Collaborative Research: Data Mining Meets I/O Performance Evaluation: Advanced Statistical Tools for Analyzing Bursty Traffic

 
Christos Faloutsos Phone: (412)-268.1457
Department of Computer Science Fax : (412)-268.5576
Carnegie Mellon Univ. Email: christos@cs.cmu.edu
Pittsburgh, PA 15213 WWW page: http://www.cs.cmu.edu/~christos

Keywords

Data Mining, Time series, Bursty Traffic.

Project Award Information


Project Summary

The goal of this proposal is to develop and apply statistical tools to analyze bursty time sequences, with emphasis on I/O traffic. The approach has three parts: (a) advanced statistical tools using the ``ARFIMA'' method (b) wavelets and the related ``80-20 law'' and (c) incorporation of these models inside the so-called ``Active Disks'' The results will advance both data mining, as well as disk design: For I/O  and systems design, it will provide new tools to handle bursty traffic, and better buffering and prefetching; for data mining, it will develop new algorithms that model self-similar time sequences (like web and network traffic, in addition to I/O traffic).

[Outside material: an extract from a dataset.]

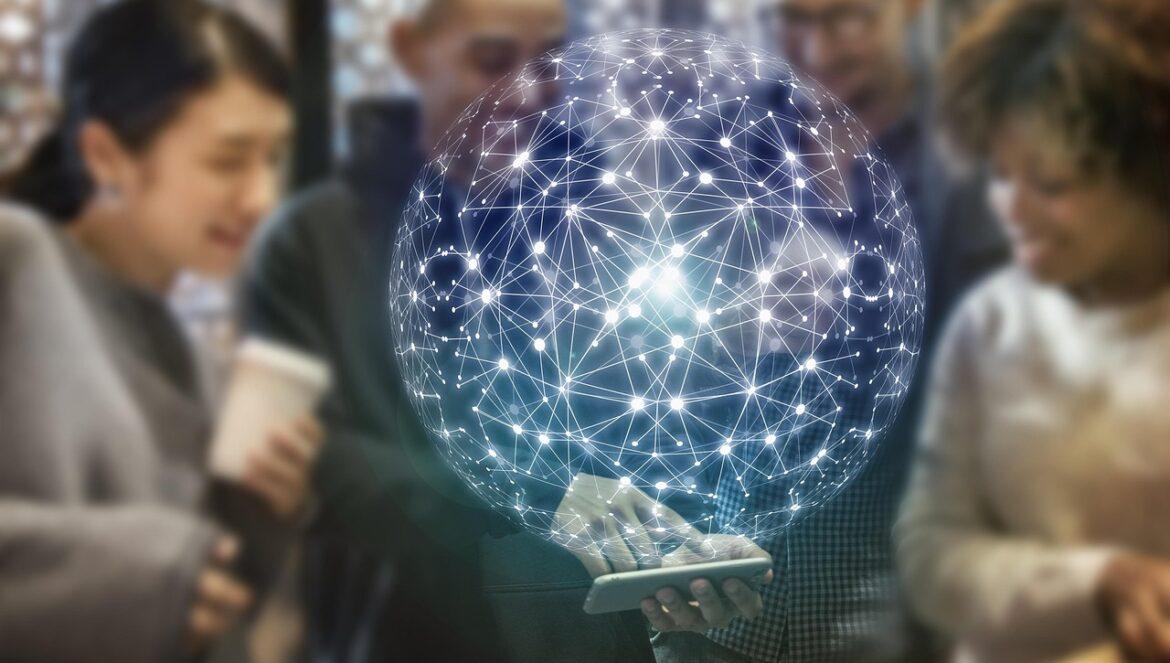 How to Become a Chief Technology Officer (CTO): Education Pathways and Essential Qualifications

This is a joint project with Prof. Anthony Brockwell (Stat./CMU) and Prof. Tara Madhyastha (CS/UCSC).

Goals, Objectives, and Targeted Activities

The goal is to model bursty time sequences, like disk and web traffic, where the traditional Poisson assumption does not hold. Once such a model is found, we will use it for (a) forecasting of upcoming traffic (and hence buffering and prefetching) (b) outlier detection (unexpected traffic patterns may indicate, eg., intrusion attempts) and (c) analysis (since the Poisson model is discredited, the M/G/1 and related models don't apply anymore).  The project is a cross-disciplinary one, merging expertize from statistics (ARIMA models, Fractional Gaussian noise, Hurst exponent), with database expertize (fast similarity search and indexing of time sequences) and with storage systems expertize.

Indication of Success

We have already developed the 'b'-model, which uses the 80-20 law, to generate realistic, bursty traffic [Wang01]. The model needs only one parameter, the 'bias' parameter 'b'; the traffic it generates induces the response times and queue length distributions that match the ones of real disk traffic very well. More over, we have developed the 'pqrs' model which is the first that captures the spatial and temporal locality of disk accesses, as well as the correlation between them. This paper received the 'best student paper' award in 'Performance Evaluation' 2002. Finally, we have developed the 'AWSOM' system which captures arbitrary periodicities in a stream of numerical data.

Project Impact

Project References

The following refereed publications mention the  NSF support, since Sept. 2001:
  1. [Wang01] Mengzhi Wang, Tara Madhyastha, Ngai Hang Chang, Spiros Papadimitriou and Christos Faloutsos, Data Mining Meets Performance Evaluation: Fast Algorithms for Modeling Bursty Traffic, ICDE 2002, San Jose, CA, 2/26/2002 - 3/1/2002.
Refereed citations since September 2002:
  1. Spiros Papadimitriou, Anthony Brockwell and Christos Faloutsos Adaptive, Hands-Off Stream Mining VLDB 2003, Berlin, Germany, Sept. 2003.
  2. Mengzhi Wang, Anastassia Ailamaki and  Christos Faloutsos, Capturing the spatio-temporal behavior of real traffic data Performance 2002 (IFIP Int. Symp. on Computer Performance Modeling, Measurement and Evaluation), Rome, Italy, Sept. 2002
  3. Deepay Chakrabarti and Christos Faloutsos F4: Large-Scale Automated Forecasting using Fractals CIKM 2002, Washington DC, Nov. 2002.

Area Background

The project requires familiarity with time series analysis (ARIMA), as well as with concepts from self-similar/chaotic time sequences (Hurst exponent, variance plot).
 

Area References:

GPRA performance criteria

Discoveries at and across the frontiers of science and engineering: The project straddles many areas: databases (time series similarity search and indexing), storage systems (disk modeling, buffering and prefetching) and statistics (ARIMA, fractional Gaussian noise, Kalman filtering). Its main goal is to use or adapt the best tools from statistics, to make them scalable for huge disk traces, and to also push the envelope in statistics by providing real datasets, where the traditional assumptions of Gaussian noise and i.i.d. do not hold any more.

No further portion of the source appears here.